やや脱線するのですが、「何か面白い企画をかわりに教えてください」というエントリをつくっていたのは某出版社の人だったのですが、さすがですね。学生のアイデアがよかろうが悪かろうが、大人の目線とは異なるものを取り入れるのはブレイクスルーのきっかけになっていいと思います。

さて、問題はここからです。

上に記載したのはギブアンドテイクが成立するエントリですが、これは全体の1〜2割であるという印象を受けました。
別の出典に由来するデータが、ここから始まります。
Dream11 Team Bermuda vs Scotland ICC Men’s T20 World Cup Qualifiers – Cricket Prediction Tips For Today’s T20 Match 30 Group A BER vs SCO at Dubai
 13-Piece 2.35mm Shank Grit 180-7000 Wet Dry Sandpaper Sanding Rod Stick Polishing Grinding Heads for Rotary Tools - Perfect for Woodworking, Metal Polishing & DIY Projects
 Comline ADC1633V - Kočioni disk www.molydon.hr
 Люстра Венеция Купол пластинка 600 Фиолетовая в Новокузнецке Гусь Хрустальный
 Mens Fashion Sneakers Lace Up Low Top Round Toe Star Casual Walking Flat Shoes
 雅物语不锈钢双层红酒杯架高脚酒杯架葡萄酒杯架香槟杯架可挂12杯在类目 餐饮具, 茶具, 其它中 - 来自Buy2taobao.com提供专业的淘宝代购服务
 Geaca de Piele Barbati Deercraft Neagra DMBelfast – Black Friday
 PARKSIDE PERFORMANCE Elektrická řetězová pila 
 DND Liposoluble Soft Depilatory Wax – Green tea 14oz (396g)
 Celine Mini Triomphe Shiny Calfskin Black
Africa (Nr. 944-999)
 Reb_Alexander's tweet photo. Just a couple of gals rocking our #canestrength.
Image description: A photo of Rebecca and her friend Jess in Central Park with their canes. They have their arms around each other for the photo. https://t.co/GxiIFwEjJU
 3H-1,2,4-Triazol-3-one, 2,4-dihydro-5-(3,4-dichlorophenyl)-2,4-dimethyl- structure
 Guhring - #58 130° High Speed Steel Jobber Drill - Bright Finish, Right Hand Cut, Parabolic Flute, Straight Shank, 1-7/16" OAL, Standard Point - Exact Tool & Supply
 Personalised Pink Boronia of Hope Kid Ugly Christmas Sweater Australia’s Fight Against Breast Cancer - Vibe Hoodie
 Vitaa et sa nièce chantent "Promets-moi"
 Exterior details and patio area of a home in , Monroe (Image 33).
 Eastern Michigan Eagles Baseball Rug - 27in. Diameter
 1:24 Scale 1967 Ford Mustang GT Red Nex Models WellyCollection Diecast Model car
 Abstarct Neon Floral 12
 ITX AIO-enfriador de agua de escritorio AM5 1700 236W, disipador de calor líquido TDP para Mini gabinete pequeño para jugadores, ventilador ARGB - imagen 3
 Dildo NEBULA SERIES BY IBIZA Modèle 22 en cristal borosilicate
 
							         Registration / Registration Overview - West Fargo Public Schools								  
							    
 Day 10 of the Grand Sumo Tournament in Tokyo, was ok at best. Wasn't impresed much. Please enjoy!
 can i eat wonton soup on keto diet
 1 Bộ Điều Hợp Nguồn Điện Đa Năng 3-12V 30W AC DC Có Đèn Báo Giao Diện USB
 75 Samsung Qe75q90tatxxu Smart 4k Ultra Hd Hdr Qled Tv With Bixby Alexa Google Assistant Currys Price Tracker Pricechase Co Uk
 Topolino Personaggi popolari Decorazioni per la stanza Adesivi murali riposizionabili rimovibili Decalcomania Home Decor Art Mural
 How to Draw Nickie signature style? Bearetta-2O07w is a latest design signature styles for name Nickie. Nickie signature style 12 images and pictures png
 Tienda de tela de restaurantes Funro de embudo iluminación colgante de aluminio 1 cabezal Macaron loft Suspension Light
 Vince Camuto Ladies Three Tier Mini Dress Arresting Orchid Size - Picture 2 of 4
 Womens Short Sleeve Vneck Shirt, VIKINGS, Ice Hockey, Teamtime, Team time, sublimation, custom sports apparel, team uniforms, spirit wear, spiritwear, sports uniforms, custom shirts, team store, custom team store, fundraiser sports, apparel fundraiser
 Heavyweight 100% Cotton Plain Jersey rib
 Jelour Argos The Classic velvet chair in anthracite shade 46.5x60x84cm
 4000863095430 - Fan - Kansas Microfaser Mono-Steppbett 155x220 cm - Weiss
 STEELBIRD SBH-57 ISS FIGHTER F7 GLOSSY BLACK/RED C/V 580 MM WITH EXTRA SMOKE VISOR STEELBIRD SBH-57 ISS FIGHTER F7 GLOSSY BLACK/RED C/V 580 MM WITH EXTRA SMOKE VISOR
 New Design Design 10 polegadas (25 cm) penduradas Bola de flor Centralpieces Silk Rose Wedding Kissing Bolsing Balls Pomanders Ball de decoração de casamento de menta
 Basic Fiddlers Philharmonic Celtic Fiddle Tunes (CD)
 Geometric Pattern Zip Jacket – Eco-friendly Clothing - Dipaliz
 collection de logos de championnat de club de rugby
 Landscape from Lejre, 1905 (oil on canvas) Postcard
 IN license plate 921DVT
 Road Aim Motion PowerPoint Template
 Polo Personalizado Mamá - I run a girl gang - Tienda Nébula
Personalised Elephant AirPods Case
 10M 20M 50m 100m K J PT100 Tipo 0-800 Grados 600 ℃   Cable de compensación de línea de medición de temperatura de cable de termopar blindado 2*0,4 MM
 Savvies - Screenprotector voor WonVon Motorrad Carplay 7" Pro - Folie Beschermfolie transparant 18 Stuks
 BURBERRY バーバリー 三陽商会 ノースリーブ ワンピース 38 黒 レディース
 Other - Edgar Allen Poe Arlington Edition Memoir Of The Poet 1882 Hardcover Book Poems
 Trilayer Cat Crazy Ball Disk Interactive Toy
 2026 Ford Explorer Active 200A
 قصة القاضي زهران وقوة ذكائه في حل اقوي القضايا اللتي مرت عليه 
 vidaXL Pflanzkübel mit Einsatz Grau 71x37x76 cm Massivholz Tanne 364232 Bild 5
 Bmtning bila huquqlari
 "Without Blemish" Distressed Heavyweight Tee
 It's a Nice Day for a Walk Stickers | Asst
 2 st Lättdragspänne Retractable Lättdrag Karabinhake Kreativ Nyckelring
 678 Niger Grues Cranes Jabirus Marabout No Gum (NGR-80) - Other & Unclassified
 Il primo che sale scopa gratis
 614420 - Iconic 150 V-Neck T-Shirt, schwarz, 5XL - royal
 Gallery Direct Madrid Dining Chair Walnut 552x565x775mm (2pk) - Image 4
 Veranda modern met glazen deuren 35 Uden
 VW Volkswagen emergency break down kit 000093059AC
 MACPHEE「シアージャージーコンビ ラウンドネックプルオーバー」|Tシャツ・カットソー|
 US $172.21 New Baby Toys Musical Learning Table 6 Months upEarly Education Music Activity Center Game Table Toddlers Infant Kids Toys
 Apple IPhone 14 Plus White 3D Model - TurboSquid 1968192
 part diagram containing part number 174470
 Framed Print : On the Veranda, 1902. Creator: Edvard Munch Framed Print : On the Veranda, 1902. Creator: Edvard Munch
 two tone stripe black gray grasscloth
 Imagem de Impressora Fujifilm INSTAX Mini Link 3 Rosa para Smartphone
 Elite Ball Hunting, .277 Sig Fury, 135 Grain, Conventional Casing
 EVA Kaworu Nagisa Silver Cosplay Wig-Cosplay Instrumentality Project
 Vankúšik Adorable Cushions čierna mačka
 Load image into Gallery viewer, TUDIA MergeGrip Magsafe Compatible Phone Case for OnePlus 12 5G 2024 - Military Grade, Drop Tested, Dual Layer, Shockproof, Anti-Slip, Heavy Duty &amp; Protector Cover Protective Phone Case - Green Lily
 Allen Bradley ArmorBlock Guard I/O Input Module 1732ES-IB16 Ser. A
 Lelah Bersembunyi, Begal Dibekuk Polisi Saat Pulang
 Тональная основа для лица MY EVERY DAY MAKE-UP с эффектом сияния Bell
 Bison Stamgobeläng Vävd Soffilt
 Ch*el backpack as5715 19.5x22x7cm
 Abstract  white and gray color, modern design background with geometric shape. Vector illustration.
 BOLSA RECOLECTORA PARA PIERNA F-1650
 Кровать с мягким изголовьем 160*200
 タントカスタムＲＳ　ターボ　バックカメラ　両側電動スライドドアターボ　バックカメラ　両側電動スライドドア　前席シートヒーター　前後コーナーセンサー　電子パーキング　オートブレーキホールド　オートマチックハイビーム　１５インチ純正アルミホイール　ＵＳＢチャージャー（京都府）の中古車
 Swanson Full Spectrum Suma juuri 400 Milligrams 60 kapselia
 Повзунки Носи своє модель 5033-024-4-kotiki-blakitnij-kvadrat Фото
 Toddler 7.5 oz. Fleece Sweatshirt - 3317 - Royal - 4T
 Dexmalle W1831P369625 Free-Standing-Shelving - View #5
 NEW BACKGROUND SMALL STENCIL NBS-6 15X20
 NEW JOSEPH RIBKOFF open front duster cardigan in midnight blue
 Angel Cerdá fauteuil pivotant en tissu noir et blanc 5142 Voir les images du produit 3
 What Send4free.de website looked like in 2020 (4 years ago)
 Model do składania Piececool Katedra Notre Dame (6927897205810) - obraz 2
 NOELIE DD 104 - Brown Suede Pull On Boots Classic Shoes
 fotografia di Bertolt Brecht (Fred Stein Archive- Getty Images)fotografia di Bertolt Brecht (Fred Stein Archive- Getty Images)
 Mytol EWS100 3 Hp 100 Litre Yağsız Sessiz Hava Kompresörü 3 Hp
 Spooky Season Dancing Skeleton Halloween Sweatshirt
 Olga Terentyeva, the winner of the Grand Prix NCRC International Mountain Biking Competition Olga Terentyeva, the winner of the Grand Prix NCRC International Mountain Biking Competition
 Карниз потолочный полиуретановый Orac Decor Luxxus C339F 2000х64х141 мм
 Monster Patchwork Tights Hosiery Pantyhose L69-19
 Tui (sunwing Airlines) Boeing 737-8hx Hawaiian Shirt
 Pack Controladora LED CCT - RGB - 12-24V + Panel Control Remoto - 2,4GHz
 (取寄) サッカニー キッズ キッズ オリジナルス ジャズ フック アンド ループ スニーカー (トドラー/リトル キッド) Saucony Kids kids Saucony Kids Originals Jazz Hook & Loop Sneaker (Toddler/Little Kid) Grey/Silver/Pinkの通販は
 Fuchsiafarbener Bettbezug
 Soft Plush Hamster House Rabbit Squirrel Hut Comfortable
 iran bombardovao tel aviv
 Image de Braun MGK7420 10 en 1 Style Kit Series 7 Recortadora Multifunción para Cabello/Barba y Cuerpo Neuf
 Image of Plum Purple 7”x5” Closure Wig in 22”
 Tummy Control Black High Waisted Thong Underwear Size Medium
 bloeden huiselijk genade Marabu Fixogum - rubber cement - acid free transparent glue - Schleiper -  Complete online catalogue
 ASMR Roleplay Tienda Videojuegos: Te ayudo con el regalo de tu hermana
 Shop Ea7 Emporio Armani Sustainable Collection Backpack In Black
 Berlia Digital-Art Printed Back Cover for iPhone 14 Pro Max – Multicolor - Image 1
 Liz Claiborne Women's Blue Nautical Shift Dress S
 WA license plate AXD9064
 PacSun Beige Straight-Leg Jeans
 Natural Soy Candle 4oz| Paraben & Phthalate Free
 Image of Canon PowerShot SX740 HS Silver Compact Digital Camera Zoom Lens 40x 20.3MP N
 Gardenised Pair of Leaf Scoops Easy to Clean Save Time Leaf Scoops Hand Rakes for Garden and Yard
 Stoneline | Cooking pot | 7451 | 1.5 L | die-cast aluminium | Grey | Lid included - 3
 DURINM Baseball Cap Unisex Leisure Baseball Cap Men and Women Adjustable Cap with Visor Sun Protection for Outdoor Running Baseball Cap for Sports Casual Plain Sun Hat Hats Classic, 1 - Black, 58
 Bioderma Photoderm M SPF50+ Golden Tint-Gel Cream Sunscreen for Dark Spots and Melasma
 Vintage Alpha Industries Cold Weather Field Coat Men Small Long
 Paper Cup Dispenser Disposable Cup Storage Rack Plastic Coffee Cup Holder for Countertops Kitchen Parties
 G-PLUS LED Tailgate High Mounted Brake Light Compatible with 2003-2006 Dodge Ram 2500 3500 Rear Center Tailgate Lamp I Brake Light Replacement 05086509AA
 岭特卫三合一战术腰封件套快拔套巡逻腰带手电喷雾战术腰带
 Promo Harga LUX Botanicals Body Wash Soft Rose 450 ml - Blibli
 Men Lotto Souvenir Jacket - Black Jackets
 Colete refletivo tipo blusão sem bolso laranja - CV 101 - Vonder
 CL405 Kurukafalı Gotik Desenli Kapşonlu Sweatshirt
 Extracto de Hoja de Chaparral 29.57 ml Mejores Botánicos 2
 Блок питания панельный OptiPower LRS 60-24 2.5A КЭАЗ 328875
上位のエントリの大半は最初に示したような「就活の相談にのるので、就活の極意教えます!」という進次郎構文型エントリです。

では、なぜこういったエントリが発生するのかについて考えていきたいと思います。

なぜ見返りを求めないエントリが多いのか?

可能性はいくつかありますが、大きく分けて以下かと考えました。

①心理的な充足がある・・・相談にのることで承認欲求を解消している
②不文的な利益がある・・・記載はないだけで見返りは発生している

これはマズローの欲求を上下段にわけたものとほぼイコールになります。

下段は生存的欲求(人間として生活する上で必要な欲求)、上段な内的(精神的な欲求であり、その到達点が「自分の望む自分になる」という自己実現の欲求です。この欲求は誰しもが持っているものですが、この自己実現を目指して行動している人間は多くはありません。自分の生活状況に完全に満足している人というのは多くはないのとイコールですね。

まずは社会的欲求など、外的なものによって叶えることができる欲求にしたがって動く人間が多いということは、生きている上で念頭においておく必要があると思います。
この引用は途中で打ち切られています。